L’attacco è stato denominato KRACK (Key Reinstallation Attack) e mira al 4-way handshake previsto dal protocollo, utilizzato ogni volta che un client richiede di accedere ad una rete Wi-Fi protetta.
Il ricercatore di sicurezza Mathy Vanhoef dell’Università di Leuven, in Belgio, è stato colui che, assieme ad altri ricercatori, ha scoperto e fornito una proof of concept (ovvero la realizzazione di un metodo per dimostrarne la fattibilità) dell’attacco. Vanhoef ha inoltre creato un sito web apposito per spiegare come le vulnerabilità possono essere sfruttate per l’attacco.
Il 4 ways handshake viene utilizzato come protocollo di autenticazione per garantire una strategia sicura per trasmettere i dati attraverso la rete. Serve a confermare che il client che richiede la connessione e l’access point abbiano le credenziali corrette e, contemporaneamente, è utilizzato per negoziare una nuova chiave di crittografia che sarà utilizzata per criptare tutto il traffico del client.
Questa chiave viene installata dopo aver ricevuto il terzo messaggio dei quattro totali previsti dal protocollo; poichè però i messaggi possono perdersi, l’access point ritrasmette il messaggio nel caso in cui non riceva una risposta di conferma (denominata ACK) dal client.
Ogni volta che quest’ultimo riceve il messaggio, reinstalla la stessa vecchia chiave di crittografia, e allo stesso tempo viene resettato il transmit packet number (numero del pacchetto trasmesso).

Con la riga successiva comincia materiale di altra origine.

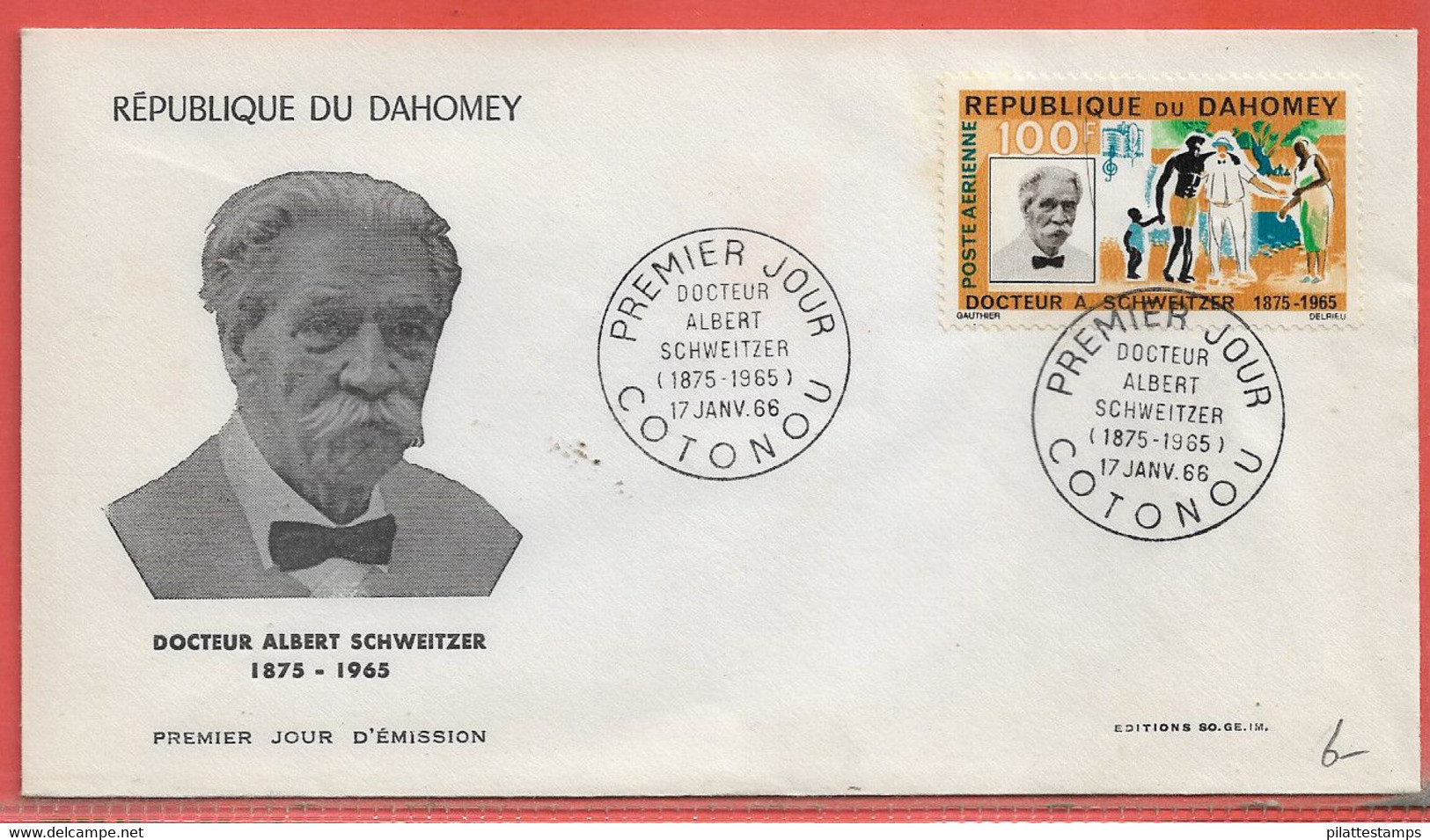 SCHWEITZER DAHOMEY FDC DE 1966 DE COTONOU - Albert Schweitzer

L’attaccante forza questi reset manipolando e rimpiazzando i messaggi scambiati durante l’handshake, mediante la ristrasmissione del terzo messaggio, riuscendo così ad attaccare il protocollo e ottenere la chiave.
Vanhoef ha pubblicato un video in cui porta avanti l’attacco descritto, utilizzando un dispositivo Android, per il quale la minaccia è particolarmente disastrosa.

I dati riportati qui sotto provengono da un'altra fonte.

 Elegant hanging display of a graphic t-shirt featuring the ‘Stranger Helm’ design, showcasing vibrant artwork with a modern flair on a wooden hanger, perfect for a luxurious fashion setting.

La prima cosa che viene fatta è clonare il canale di connessione target, in modo da permettere all’attaccante di manipolare i messaggi di handshake. Viene inoltre utilizzato il tool SSLStrip per forzare le due parti ad utilizzare HTTP al posto della connessione sicura HTTPS, eliminando un ulteriore livello di sicurezza.
Non appena il device attiva il Wi-Fi, cerca di connettersi al network reale, che non è ciò che l’attaccante vuole. Per fare in modo che si connetta al network clone, basta semplicemente inviare dei frame Wi-Fi speciali per far sì che il device si connetta alla rete dell’attaccante, offrendo a quest’ultimo una posizione da man in the middle tra il client e il vero network, portando avanti il key reinstallation attack.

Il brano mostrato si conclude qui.